Klaue, Finale CGI, & Wright’s Shuri

Photograph Courtesy Of: Marvel Studios

The film does have flaws; the biggest: Serkis’ Ulysses Klaue is absolutely AWFUL. Goofy, not intimidating in the slightest, and spewing classic-Disney/Marvel quippy one-liners like “check out my mixtape” and singing “What is Love?” evoke juvenile-pandering cringes that near-eviscerate the plausibility of taking the film seriously as an art piece. At least his shenanigans are sequestered in the first act as the only lame comedy in the entire film and just an appetizer to the main course of Jordan’s purely evil and intimidating reverse-Black Panther, so it’s still a passable gripe. The CGI in the train-set finale battle with Killmonger looks unfinished and a bit PS2-ish, a plot hole present in how T’Challa survived a 50+ meter waterfall drop untouched when gravity is.. well, gravity, and Letitia Wright’s Shuri is slightly-vexatious in parts with smart-alecky lines like ‘Uh, another white boy to fix‘ and responses like “Is this Wakanda?” “No, it’s Kansas!” – pointless reaction-evocation and condescension (and I’m not even white).
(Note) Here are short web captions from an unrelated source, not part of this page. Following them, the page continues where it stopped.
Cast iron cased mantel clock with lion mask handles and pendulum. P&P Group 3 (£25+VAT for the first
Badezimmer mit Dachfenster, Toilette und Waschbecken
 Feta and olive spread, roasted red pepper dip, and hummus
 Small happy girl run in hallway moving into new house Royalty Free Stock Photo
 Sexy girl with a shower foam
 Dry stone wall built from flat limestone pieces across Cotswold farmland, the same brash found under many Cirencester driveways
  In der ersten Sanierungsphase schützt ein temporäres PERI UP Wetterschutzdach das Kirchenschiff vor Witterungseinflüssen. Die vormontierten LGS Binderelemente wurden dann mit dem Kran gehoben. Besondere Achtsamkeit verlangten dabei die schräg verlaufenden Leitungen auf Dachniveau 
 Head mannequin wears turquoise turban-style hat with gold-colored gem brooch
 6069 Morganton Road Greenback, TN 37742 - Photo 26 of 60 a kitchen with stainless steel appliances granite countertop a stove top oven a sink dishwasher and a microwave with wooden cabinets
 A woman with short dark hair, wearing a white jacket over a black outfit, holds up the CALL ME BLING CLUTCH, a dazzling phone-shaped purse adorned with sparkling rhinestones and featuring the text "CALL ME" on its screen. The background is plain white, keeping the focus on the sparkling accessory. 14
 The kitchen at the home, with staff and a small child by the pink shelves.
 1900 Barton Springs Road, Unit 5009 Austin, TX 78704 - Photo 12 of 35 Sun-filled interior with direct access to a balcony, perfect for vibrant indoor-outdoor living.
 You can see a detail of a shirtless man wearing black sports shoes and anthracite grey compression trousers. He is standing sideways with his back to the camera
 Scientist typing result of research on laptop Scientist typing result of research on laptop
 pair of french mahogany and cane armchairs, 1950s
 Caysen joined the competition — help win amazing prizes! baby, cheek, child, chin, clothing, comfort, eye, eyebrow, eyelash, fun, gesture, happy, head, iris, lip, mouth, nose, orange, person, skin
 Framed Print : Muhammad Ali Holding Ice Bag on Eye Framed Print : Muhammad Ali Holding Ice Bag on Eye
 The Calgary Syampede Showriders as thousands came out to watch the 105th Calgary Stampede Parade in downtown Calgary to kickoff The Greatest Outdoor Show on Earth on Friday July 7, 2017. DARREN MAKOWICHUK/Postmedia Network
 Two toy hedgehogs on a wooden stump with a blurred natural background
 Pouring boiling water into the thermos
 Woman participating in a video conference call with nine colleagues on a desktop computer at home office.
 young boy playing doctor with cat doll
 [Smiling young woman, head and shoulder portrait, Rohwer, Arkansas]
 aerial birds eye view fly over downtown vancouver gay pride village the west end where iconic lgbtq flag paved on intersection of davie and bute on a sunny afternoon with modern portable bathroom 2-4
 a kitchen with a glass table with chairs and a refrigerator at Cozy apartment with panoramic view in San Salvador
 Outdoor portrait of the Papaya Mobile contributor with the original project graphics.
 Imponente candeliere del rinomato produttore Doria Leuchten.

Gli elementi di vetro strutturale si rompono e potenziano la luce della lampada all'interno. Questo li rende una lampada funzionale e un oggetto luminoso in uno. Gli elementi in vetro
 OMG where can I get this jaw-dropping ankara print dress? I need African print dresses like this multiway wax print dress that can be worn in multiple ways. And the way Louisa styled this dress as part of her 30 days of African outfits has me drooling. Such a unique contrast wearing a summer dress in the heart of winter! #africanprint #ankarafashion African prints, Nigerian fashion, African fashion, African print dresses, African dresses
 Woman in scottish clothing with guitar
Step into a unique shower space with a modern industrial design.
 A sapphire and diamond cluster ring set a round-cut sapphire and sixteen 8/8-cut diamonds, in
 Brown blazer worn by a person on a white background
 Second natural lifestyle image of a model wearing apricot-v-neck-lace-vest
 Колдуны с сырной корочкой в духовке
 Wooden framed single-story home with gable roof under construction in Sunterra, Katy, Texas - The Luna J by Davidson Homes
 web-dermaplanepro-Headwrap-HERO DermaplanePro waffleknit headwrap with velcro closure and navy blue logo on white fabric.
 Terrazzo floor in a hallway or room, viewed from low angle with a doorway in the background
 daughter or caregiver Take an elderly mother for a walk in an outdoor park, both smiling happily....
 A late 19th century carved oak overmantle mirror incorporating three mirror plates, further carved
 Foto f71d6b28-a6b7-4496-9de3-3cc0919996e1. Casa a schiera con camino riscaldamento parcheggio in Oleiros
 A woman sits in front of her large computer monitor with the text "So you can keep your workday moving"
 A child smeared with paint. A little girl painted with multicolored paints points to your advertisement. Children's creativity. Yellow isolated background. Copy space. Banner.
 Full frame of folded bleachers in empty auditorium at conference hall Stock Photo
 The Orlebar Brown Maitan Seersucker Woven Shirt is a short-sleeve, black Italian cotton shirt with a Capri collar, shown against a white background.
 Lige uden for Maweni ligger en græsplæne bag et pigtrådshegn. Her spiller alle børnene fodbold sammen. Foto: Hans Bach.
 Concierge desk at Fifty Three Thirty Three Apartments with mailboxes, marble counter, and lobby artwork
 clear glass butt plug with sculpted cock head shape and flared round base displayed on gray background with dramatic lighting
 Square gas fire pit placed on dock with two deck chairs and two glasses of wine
A Milestone In MCU & Blockbusters

A Triumph Of African Heritage Celebration & Superheroicism With Power To Revolutionize Hollywood

Photograph Courtesy Of: Marvel Studios

Overall, Black Panther is an absolute triumph and deserves its praise and all the social-fueled hype surrounding its release. This film, like DC’s Wonder Woman did back in 2017 for women, has the power to revolutionize the movie industry and bring representation and the power of filmic storytelling to a whole new group and color of people. The film feels simultaneously old and new-school, a talented prospect by director Ryan Coogler – packed with strong action scenes, an unforgettable villain, a majesty paean to black cultural artistry, and career performance by its T’Challa protagonist. Culturally-authentic, powerfully anchored by Chadwick Boseman’s royalty presence, fluid in action sequences, afrofuturistic, & featuring one of the most compelling villains of the MCU by MBJ’s Killmonger, Black Panther is a strong CBM & groundbreaking milestone for cinematic representation. Wakanda Forever.